Here’s a look at 17 tech leaders who entered the game early by starting impressive Colorado tech companies while still in their twenties.
Yoav Lurie and Justin Segall
Lurie and Segall were good friends at Duke University, years before they founded Simple Energy in 2010. The company uses gamifacation to help consumers save energy — and save money on their energy bills. They were part of Techstars Boulder’s 2011 cohort and were named to Inc.’s 30 under 30 list in 2012.
Kronman is the CEO and co-founder of Flytedesk, an automated ad buying platform designed to target young adults on college campuses. He started the company shortly after graduating from Colorado College in 2012 and led the team through Techstars Boulder’s 2015 class. The company raised $1.5 million in April and counts brands like Trojan and L.L. Bean among their client base.
Thurmes co-founded Artifact Uprising with her sister to find a way to get photos off our phones and into our lives. The company lets consumers print their digital photos on everything from calendars to wall art. The company was acquired by VSCO in early 2015.
Isaac Dietrich and Stewart Fortier
Dietrich and Fortier founded MassRoots, a social network dedicated to cannabis enthusiasts, in 2013. The platform has nearly a million users and a massive social media following. MassRoots became one of the first cannabis-centered tech companies to go public, trading under the ticker MSRT.
Ahlering co-founded mimi in 2015 to help families find local assisted living care homes for their parents, grandparents or other family members in as little as 24 hours. The company is currently participating in the Boomtown accelerator’s summer 2016 health session, which will demo on August 12th.
Josh Reeves, Edward Kim and Tomer London
Though based in San Francisco, Gusto has a sizeable presence in Denver and plans to grow even more. The payroll, benefits and HR company was founded in 2011 and has raised $161.1 million to date, including a $75 million Series B at the end of last year. Prior to founding Gusto, all three co-founders had co-founded other businesses, along with earning degrees from Stanford.

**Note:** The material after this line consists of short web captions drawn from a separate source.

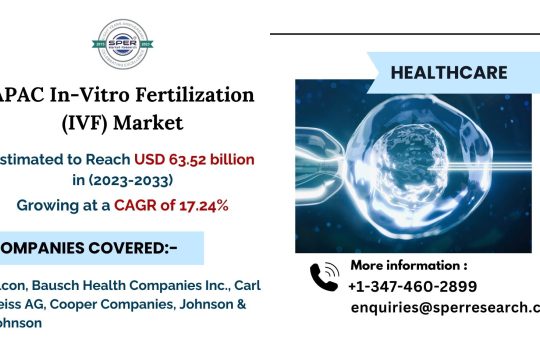 Asia Pacific In-Vitro Fertilization Market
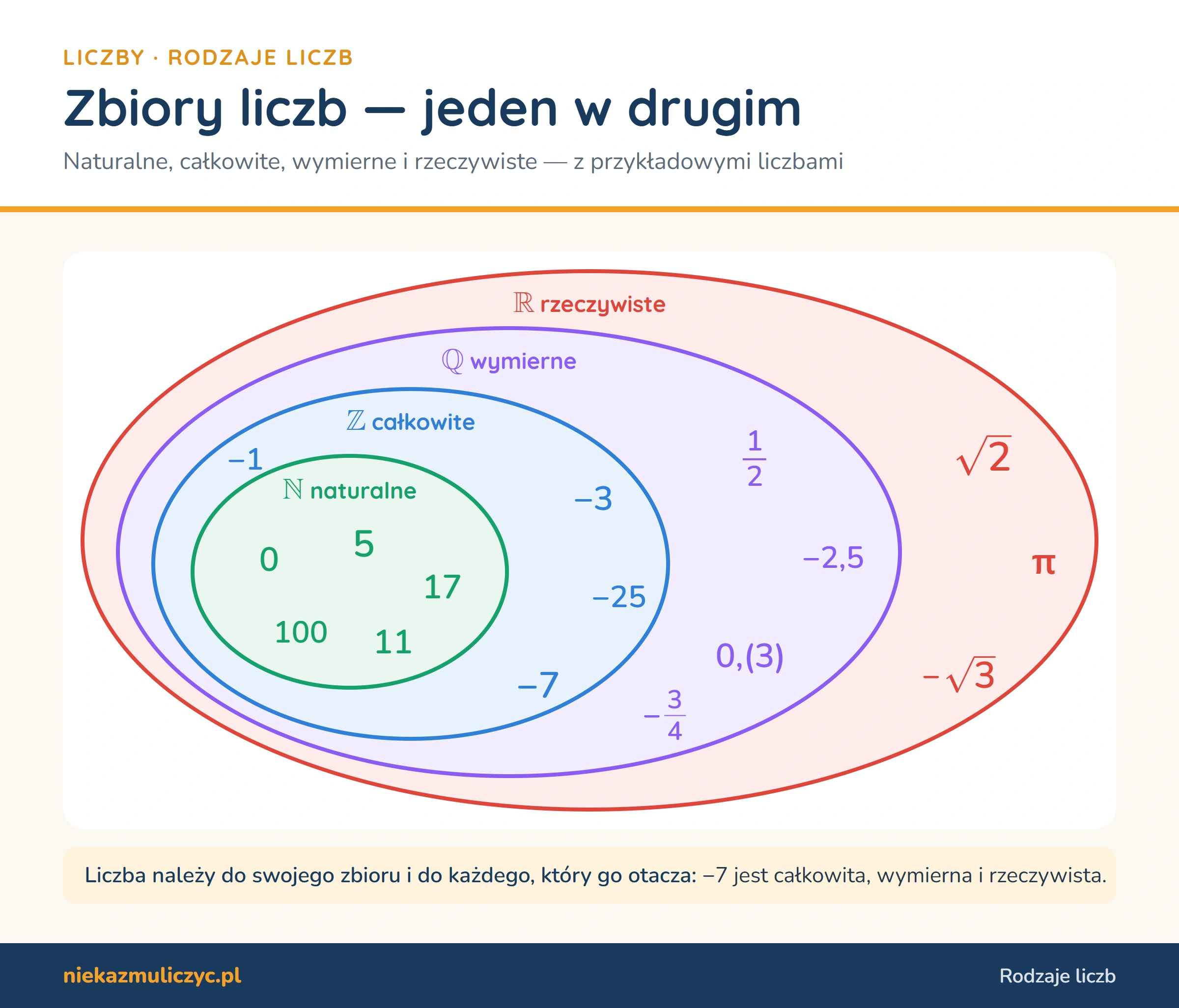 Zbiory liczb jeden w drugim: liczby naturalne wewnątrz całkowitych, te wewnątrz wymiernych, a wszystko wewnątrz rzeczywistych; liczby niewymierne, takie jak √2 i π, leżą w rzeczywistych poza wymiernymi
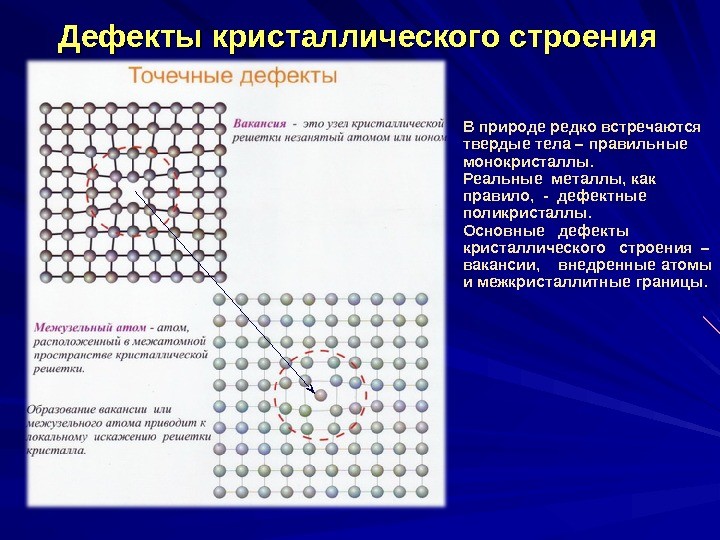 Дефекты кристаллического строения металлов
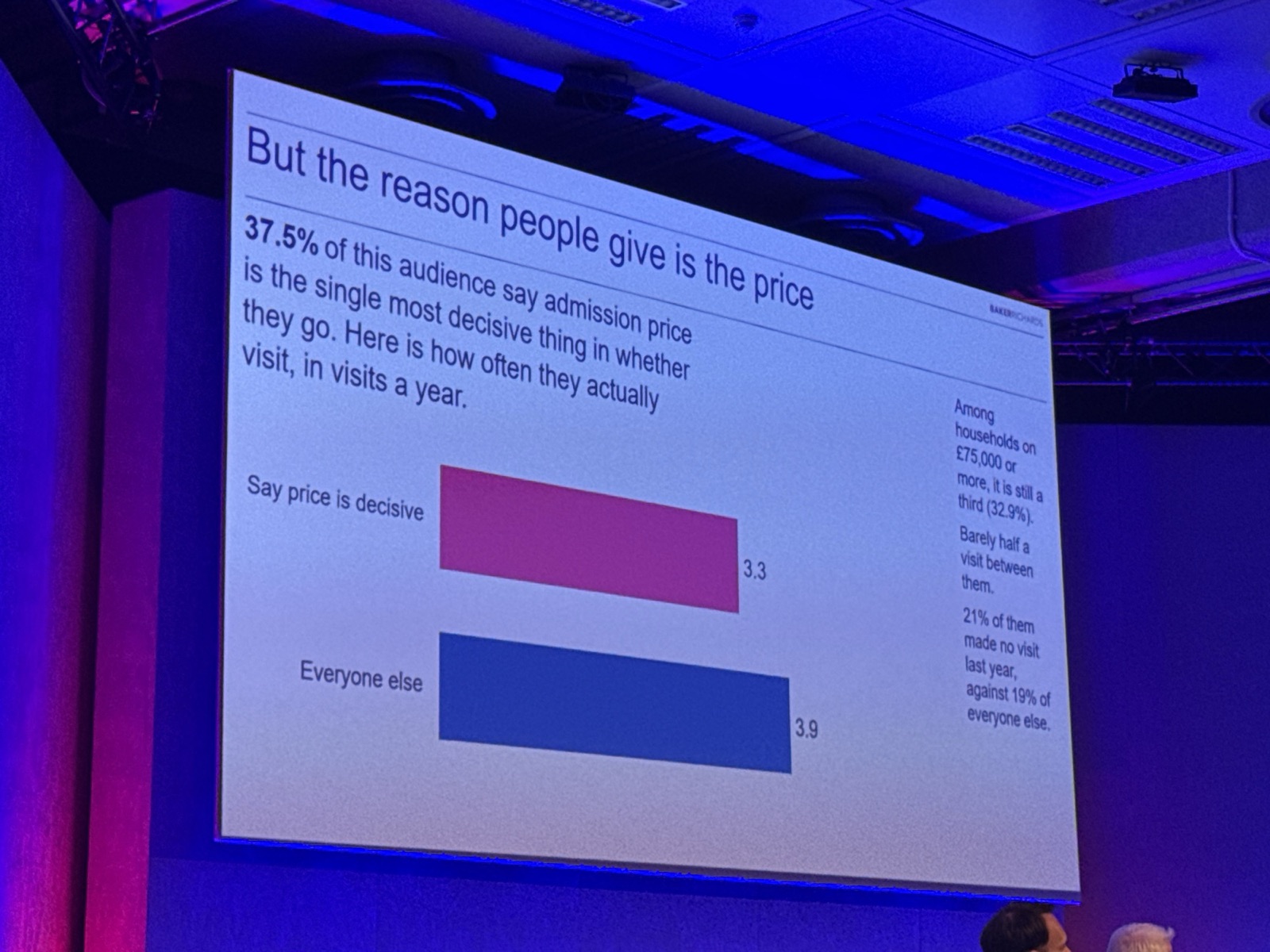 Baker Richards slide at VAC 2026 comparing visit frequency of people who say price is decisive with everyone else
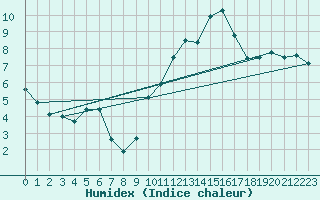 Courbe de l'humidex pour Istres (13)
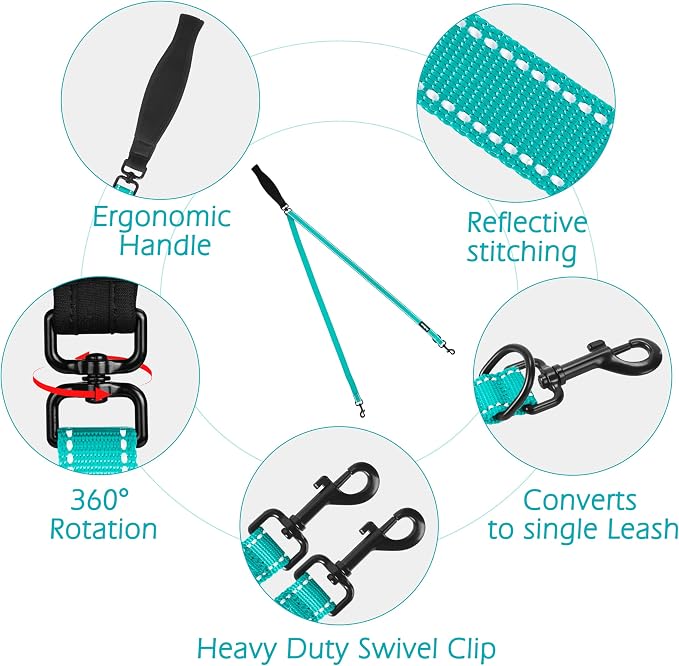 PetBonus Two Point Control Dog Leash, No Tangle Training Walking Leashes | Soft Padded Handle, Reflective, Works with No Pull Harnesses, Converts to Single Lead for Medium Large Dogs, Turquoise - Image 3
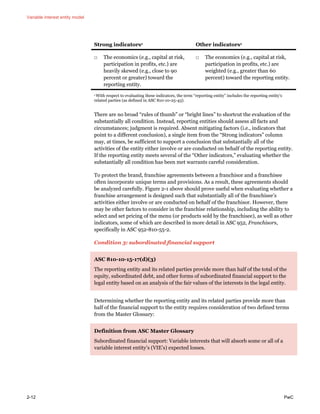 Variable interest entity model
2-12 PwC
Strong indicators1 Other indicators1
□ The economics (e.g., capital at risk,
participation in profits, etc.) are
heavily skewed (e.g., close to 90
percent or greater) toward the
reporting entity.
□ The economics (e.g., capital at risk,
participation in profits, etc.) are
weighted (e.g., greater than 60
percent) toward the reporting entity.
1 With respect to evaluating these indicators, the term “reporting entity” includes the reporting entity’s
related parties (as defined in ASC 810-10-25-43).
There are no broad “rules of thumb” or “bright lines” to shortcut the evaluation of the
substantially all condition. Instead, reporting entities should assess all facts and
circumstances; judgment is required. Absent mitigating factors (i.e., indicators that
point to a different conclusion), a single item from the “Strong indicators” column
may, at times, be sufficient to support a conclusion that substantially all of the
activities of the entity either involve or are conducted on behalf of the reporting entity.
If the reporting entity meets several of the “Other indicators,” evaluating whether the
substantially all condition has been met warrants careful consideration.
To protect the brand, franchise agreements between a franchisor and a franchisee
often incorporate unique terms and provisions. As a result, these agreements should
be analyzed carefully. Figure 2-1 above should prove useful when evaluating whether a
franchise arrangement is designed such that substantially all of the franchisee’s
activities either involve or are conducted on behalf of the franchisor. However, there
may be other factors to consider in the franchise relationship, including the ability to
select and set pricing of the menu (or products sold by the franchisee), as well as other
indicators, some of which are described in more detail in ASC 952, Franchisors,
specifically in ASC 952-810-55-2.
Condition 3: subordinated financial support
ASC 810-10-15-17(d)(3)
The reporting entity and its related parties provide more than half of the total of the
equity, subordinated debt, and other forms of subordinated financial support to the
legal entity based on an analysis of the fair values of the interests in the legal entity.
Determining whether the reporting entity and its related parties provide more than
half of the financial support to the entity requires consideration of two defined terms
from the Master Glossary:
Definition from ASC Master Glossary
Subordinated financial support: Variable interests that will absorb some or all of a
variable interest entity’s (VIE’s) expected losses.
 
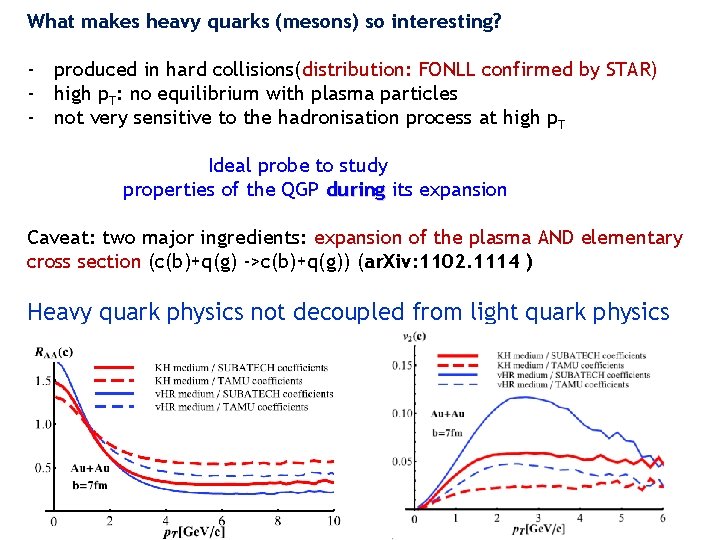 What makes heavy quarks (mesons) so interesting? - produced in hard collisions(distribution: FONLL confirmed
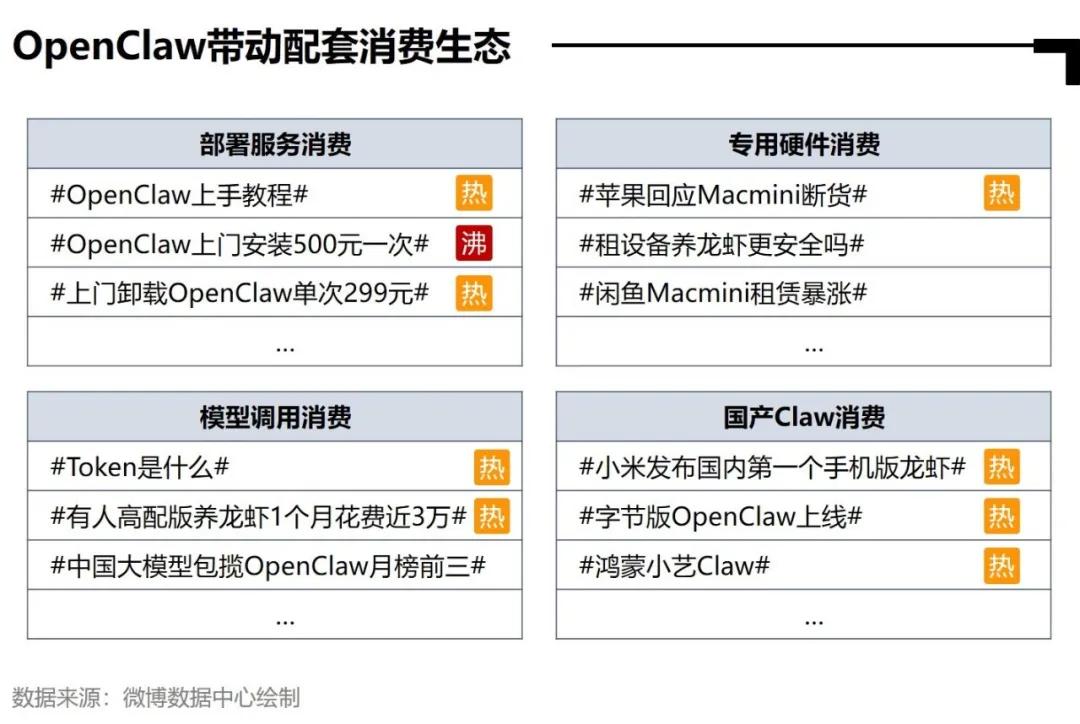 AI全民普及_微博AI内容生态报告_明星热点素材,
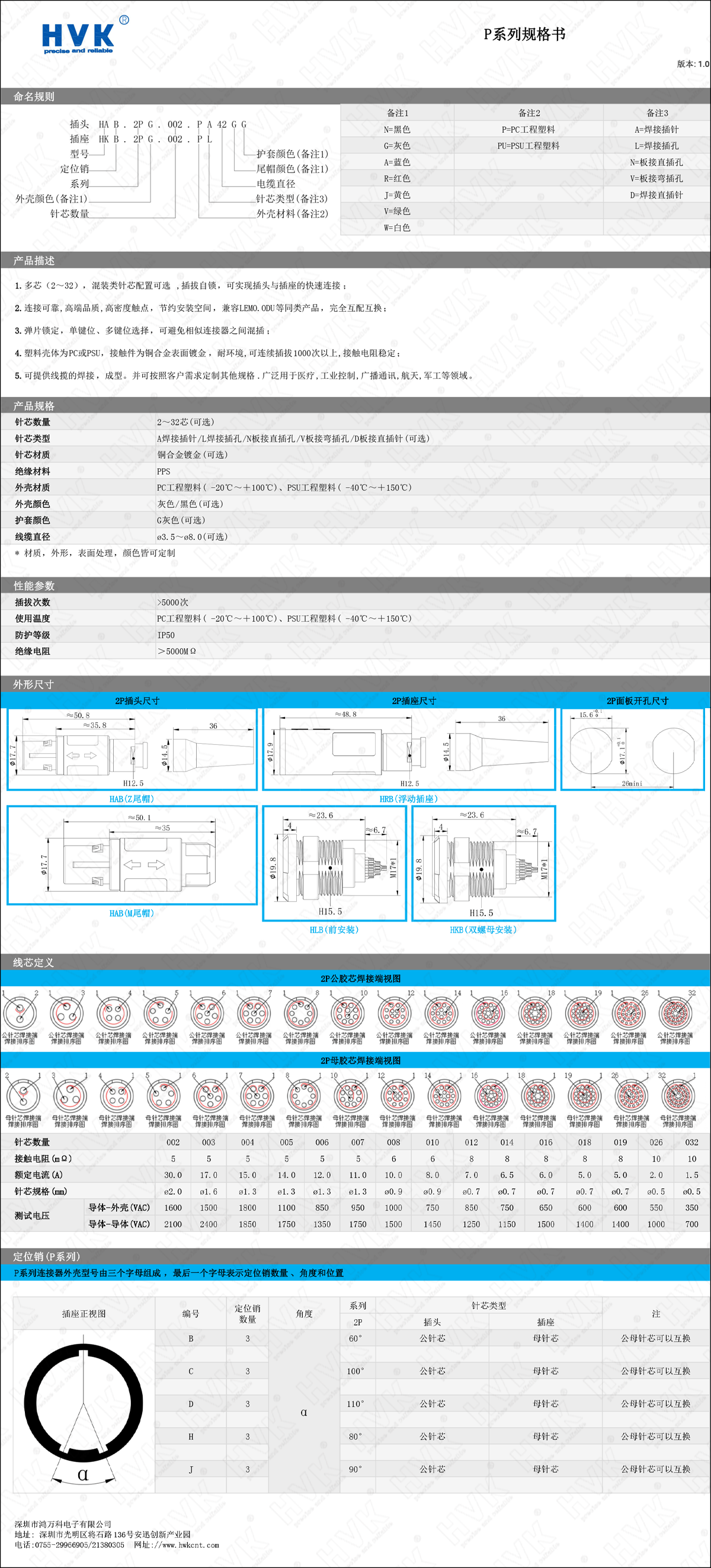 2P 規格書.png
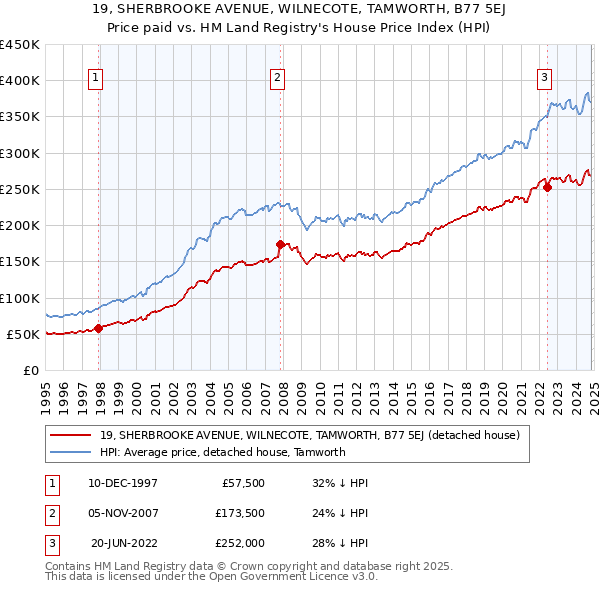 19, SHERBROOKE AVENUE, WILNECOTE, TAMWORTH, B77 5EJ: Price paid vs HM Land Registry's House Price Index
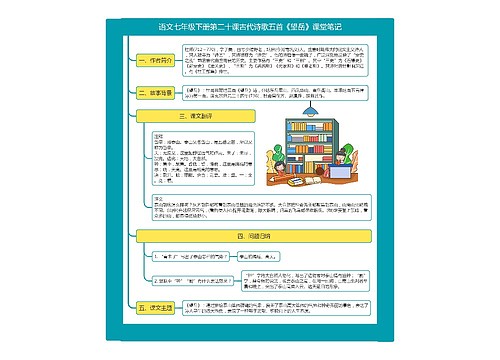 语文七年级下册第二十课古代诗歌五首《望岳》课堂笔记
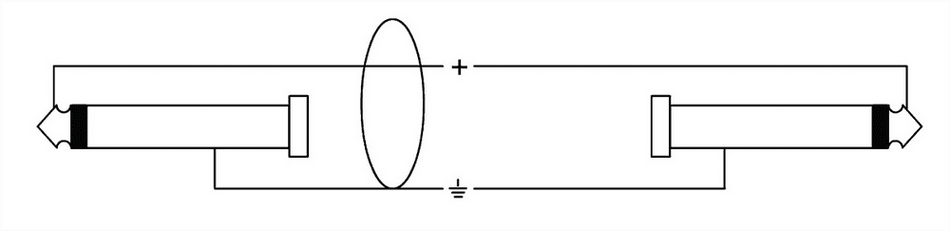 Cordial ECLCFI06RR - Angled guitar jack patch cable 60 cm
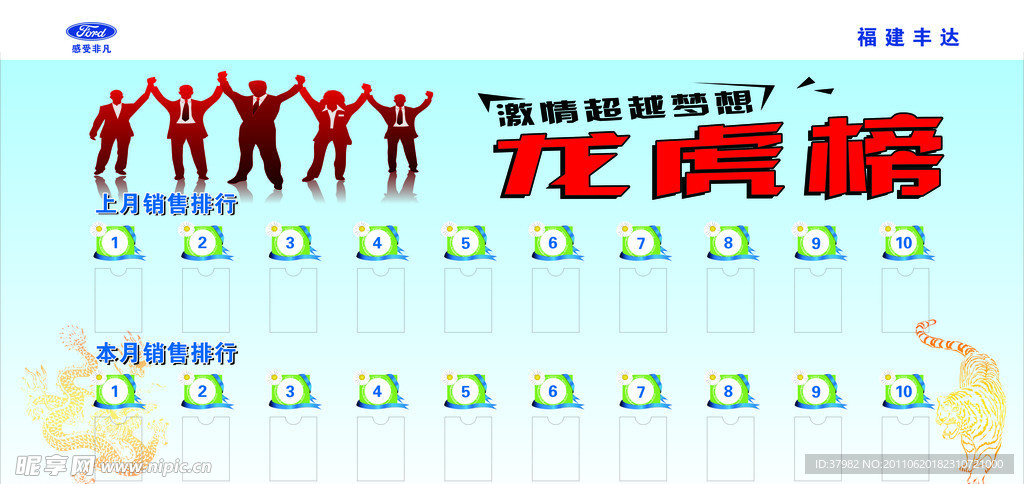 福特汽车龙虎榜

Devon Tivona and Lianne Haug
Tivona and Haug co-founded Pana while they were computer science students at the University of Colorado at Boulder. Prior iterations of the company earned the team a top spot at CU’s New Venture Challenge and led them to join Techstars Boulder’s 2014 cohort. Now, the travel concierge app combines AI and real people to provide customers stellar support in planning, booking and rescheduling their trips.
Ros was inspired to start Revolar after her sister was sexually assaulted. The wearable-tech device allows people to call for help whenever they may need it, sending an emergency alert with the wearer’s location to a group of contacts they’ve identified. Revolar had a wildly successful Kickstarter campaign and has raised $3 million to date, with retail units recently popping onto shelves at Brookstone stores. The company participated in Techstars Boulder’s 2015 cohort and is now participating in the accelerator’s retail program in partnership with Target.
Kyle Granowski and Matthew Shifrin
Granowski and Shifrin co-founded Utivity in 2014 to help connect professionals of all backgrounds directly to consumers. Whether you want to learn to play guitar or you need a whitewater rafting guide, Utivity’s the place to go. The company raised a $1.5 million seed round in 2015.
Joey Alfano and Matt Talbot
Along with Sam Holloway, Alfano and Talbott co-founded GoSpotCheck in 2010. Their web and mobile apps help sales reps who work in the field conduct surveys, gather data and provide accurate reports about store inventory, sales and more. The company went through Techstars Boulder’s 2011 cohort and has raised nearly $8 million to date.